Compost crops are easy to grow, and feed your soil when you aren’t using your garden. Harvested and composted, they return to the soil nutrients lost when food crops are harvested, and protect the soil from the weather over the winter.
Traditional and organic farmers have been successfully using compost crops for centuries, and they are an essential part of crop rotation. A Compost crop is a plant primarily grown to be cut down and composted. The prime goal is to grow more soil. Some compost crops also fix Nitrogen in the soil and some produce a food crop at the same time. Compost crops provide a nutritious, low maintenance ground cover for your precious soil. You can produce large amounts of organic matter in as little as six weeks, utilizing your garden beds when they would otherwise lie empty.

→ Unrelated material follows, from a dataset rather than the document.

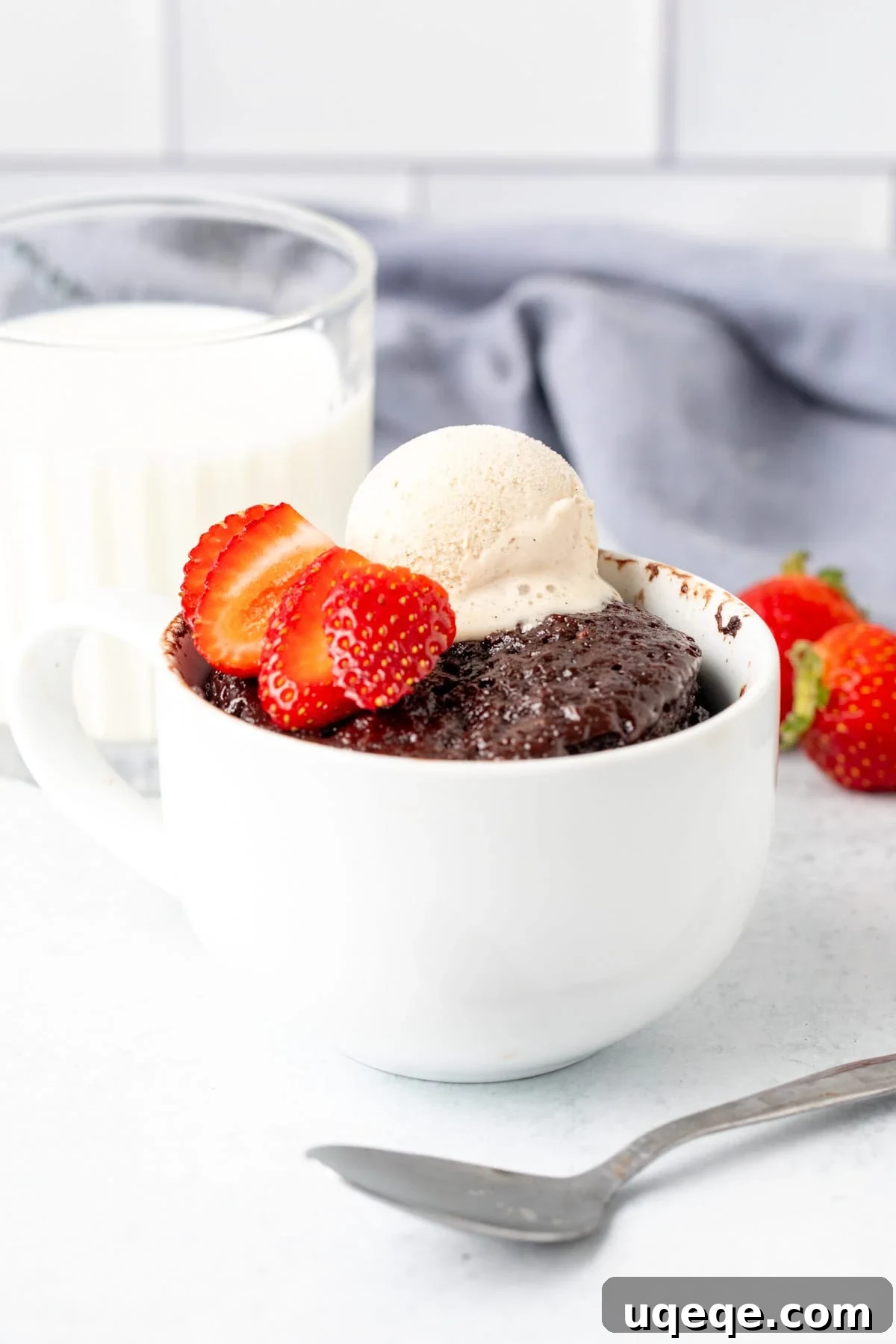 Decadent Nutella Mug Cake 6 Single serving Nutella cake in a mug, topped with ice cream and mixed berries, served alongside a glass of milk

By compost cropping you end up with better soil - an increase in the quantity and the quality of all aspects of the soil’s ecology including: your soil’s microbial population, organic matter content, and soil fertility, thereby giving all the rest of nature’s processes a boost. By making compost from your crop you not only increase soil volume and quality, but feed earthworms and soil organisms, which in turn stimulate and speed up the release of nutrients, thus making more nutrients available for the next crop.
There are Compost Crops to suit all soil conditions and all times of the year. Building up fertility is a slow process, and takes considerably more than one season. Somewhat faster results can be achieved by following the Biointensive method detailed in How To Grow More Vegetables... and our other books.
Ecology Action has tested an extensive selection of compost crop seeds at their Research Centers for over 30 years.